Data section Block Start

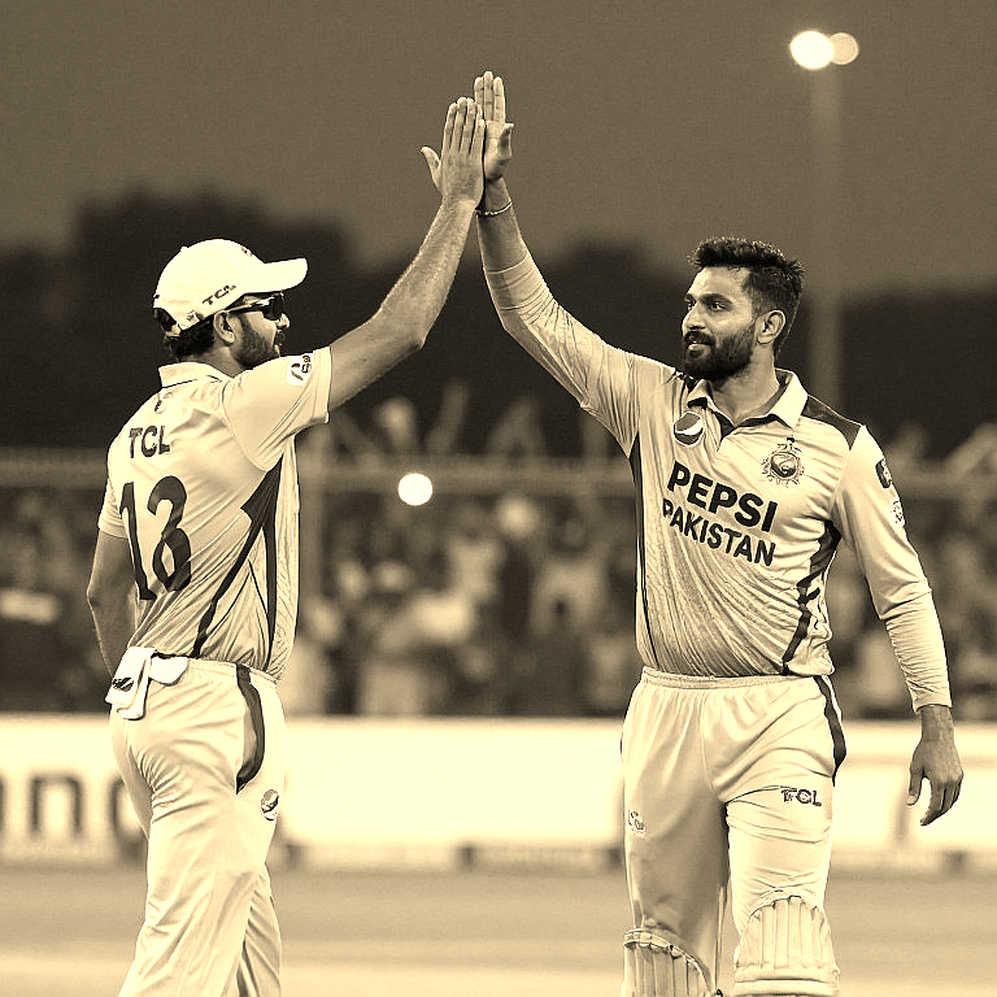 চার ওভারের হিসাব: চণ্ডীগড়ের জরিমানা ভারত-ওয়েস্ট ইন্ডিজ লড়াইয়ের আসল গল্পটা লুকিয়ে রাখছে চার ওভারের হিসাব: চণ্ডীগড়ের জরিমানা ভারত-ওয়েস্ট ইন্ডিজ লড়াইয়ের আসল গল্পটা লুকিয়ে রাখছে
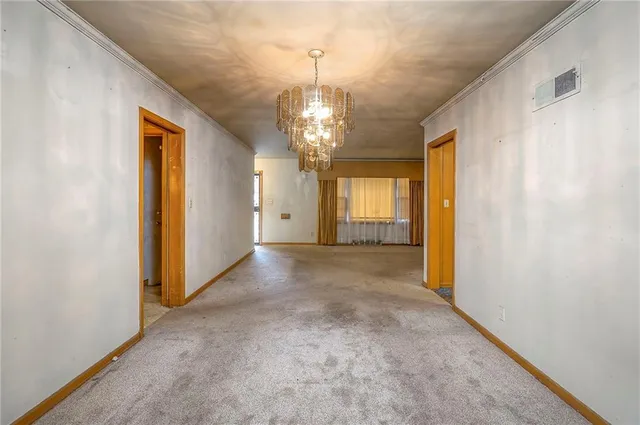 $179,500 | 7806 Campbell Street, Kansas City, MO 64131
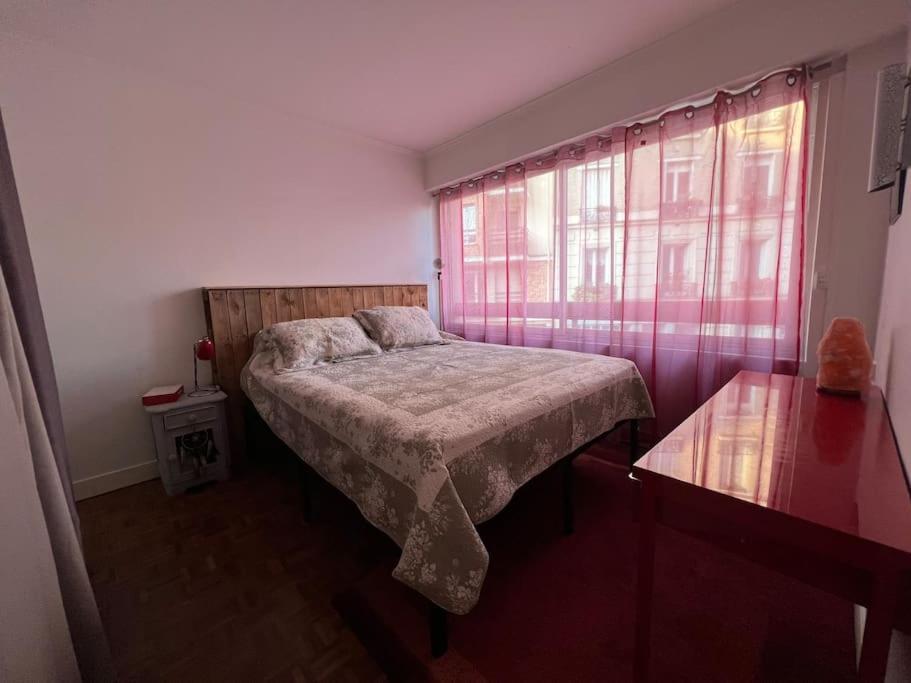 Grand Appartement Avec Balcon Et Parking Gratuit Sur Place Paris Exterior foto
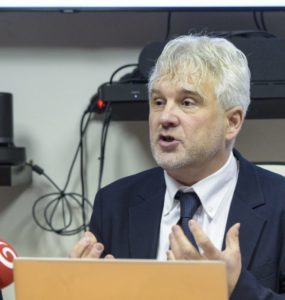 Na snímke komisár pre deti Jozef Mikloško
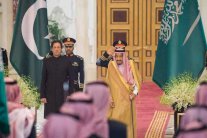 عمران خان: سنلعب دورًا إيجابيًا لإنهاء أزمة اليمن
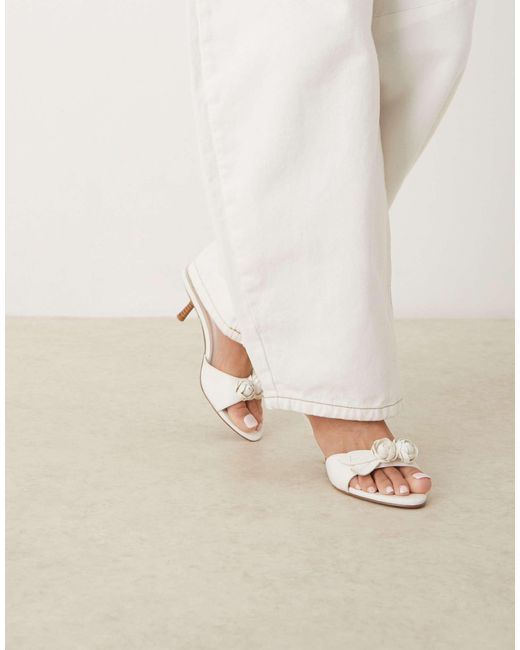Heartly - mules à talon avec roses ASOS en coloris Natural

Data section Block End

Instructions for the task:
Among the entries above, take the lines from the one with "City, MO 64131" through the one with "عمران خان: سنلعب" and retype them exactly, leaving out the pictures.

Result of this task:
 $179,500 | 7806 Campbell Street, Kansas City, MO 64131
 Grand Appartement Avec Balcon Et Parking Gratuit Sur Place Paris Exterior foto
 Na snímke komisár pre deti Jozef Mikloško
 عمران خان: سنلعب دورًا إيجابيًا لإنهاء أزمة اليمن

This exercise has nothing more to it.